The Change in World Population

  1. Left endpoint estimate
37*10 + 41*10 + 78*10 + 77*10 + 86*10
## [1] 3190
  1. Right endpoint estimate
41*10 + 78*10 + 77*10 + 86*10 + 79*10
## [1] 3610

Speed Tests

  1. Left endpoint estimate
0*2 + 8*2 + 16.7*2 + 27.3*2
## [1] 104
  1. Right endpoint estimate
8*2 + 16.7*2 + 27.3*2 + 36.2*2
## [1] 176.4

Estimating Area with RStudio

  1. We estimate the area below \(f(x)=2+4x^2-x^3\) on the interval \(0 \leq x \leq 4\) using
    1. A right endpoint estimation on intervals of size \(0.1\)
f=makeFun(2+4*x^2-x^3~x)
a=0
b=4
base = 0.1
points = seq(from=a+base, to=b, by=base)
heights = f(points)
areas = base*heights
sum(areas)
## [1] 29.32
  1. A right endpoint estimation on intervals of size \(0.01\)
f=makeFun(2+4*x^2-x^3~x)
a=0
b=4
base = 0.01
points = seq(from=a+base, to=b, by=base)
heights = f(points)
areas = base*heights
sum(areas)
## [1] 29.3332
  1. A left endpoint estimation on intervals of size \(0.5\)
f=makeFun(2+4*x^2-x^3~x)
a=0
b=4
base = 0.5
points = seq(from=a, to=b-base, by=base)
heights = f(points)
areas = base*heights
sum(areas)
## [1] 29
  1. A left endpoint estimation on intervals of size \(0.01\)
f=makeFun(2+4*x^2-x^3~x)
a=0
b=4
base = 0.01
points = seq(from=a, to=b-base, by=base)
heights = f(points)
areas = base*heights
sum(areas)
## [1] 29.3332
  1. A left endpoint estimation on intervals of size \(0.00001\)
f=makeFun(2+4*x^2-x^3~x)
a=0
b=4
base = 0.00001
points = seq(from=a, to=b-base, by=base)
heights = f(points)
areas = base*heights
sum(areas)
## [1] 29.33333
  1. Make a plot of \(f(x)\) on \([0,4]\). Is is clear whether each of the values about is an over-estimate? an under-estimate? or neither?
f=makeFun(2+4*x^2-x^3~x)
slice_plot(f(x)~x, domain(x=0:4)) + ylab("f(x)")

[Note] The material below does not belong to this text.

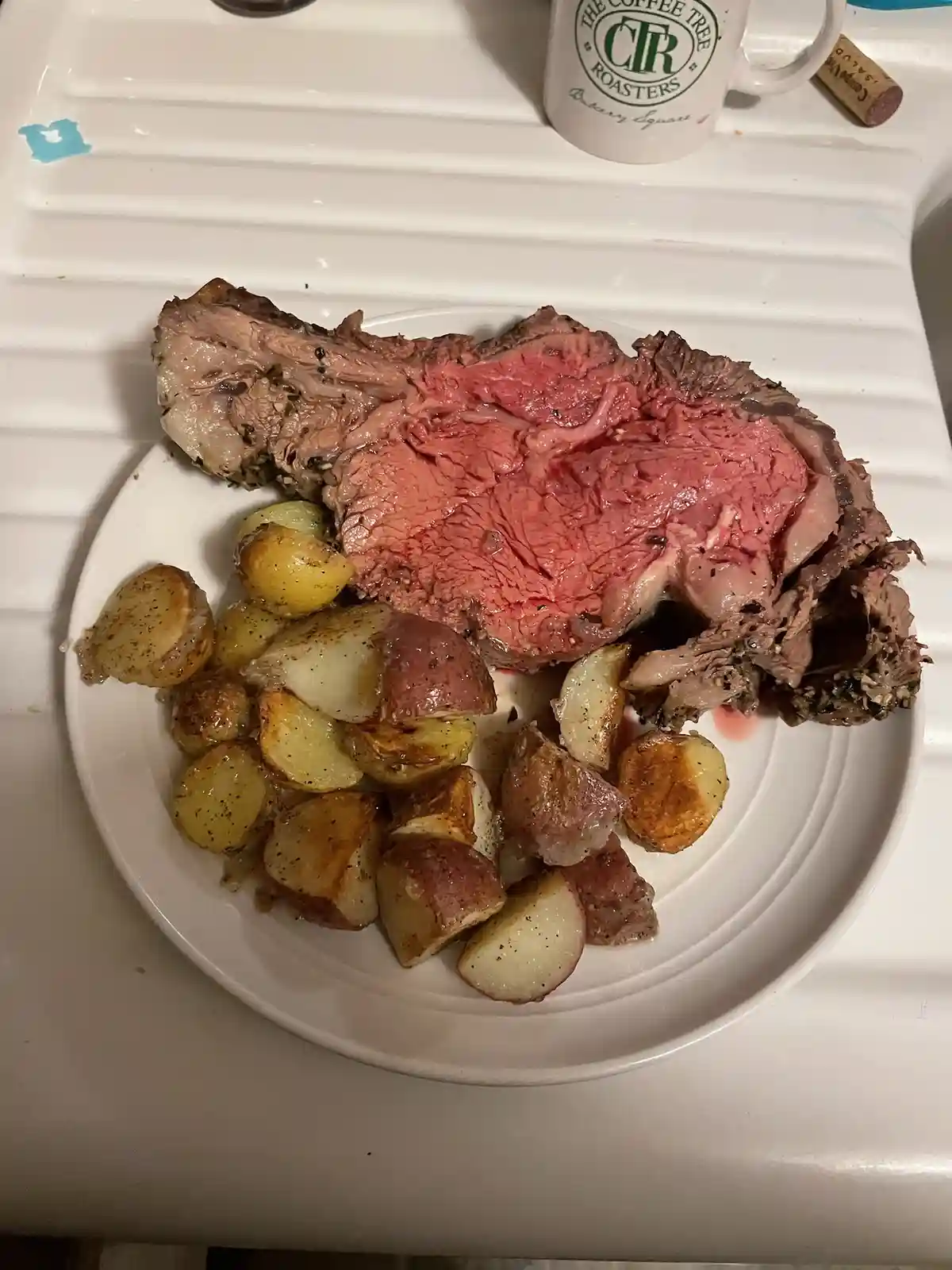 A plate of sliced roast beef with a visible pink center, accompanied by roasted potatoes, sits on a white countertop. In the…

It is not clear whether any of these values is an over-estimate or an under-estimate. There is a maximum at \(x=2.75\).

  • A left endpoint estimate will be an under-estimate on \([0,2.75]\) and an over-estimate on \([2.75,4]\).
  • A right endpoint estimate will be an over-estimate on \([0,2.75]\) and an under-estimate on \([2.75,4]\).

So we can’t easily tell whether it’s an under-estimate or an over-estimate.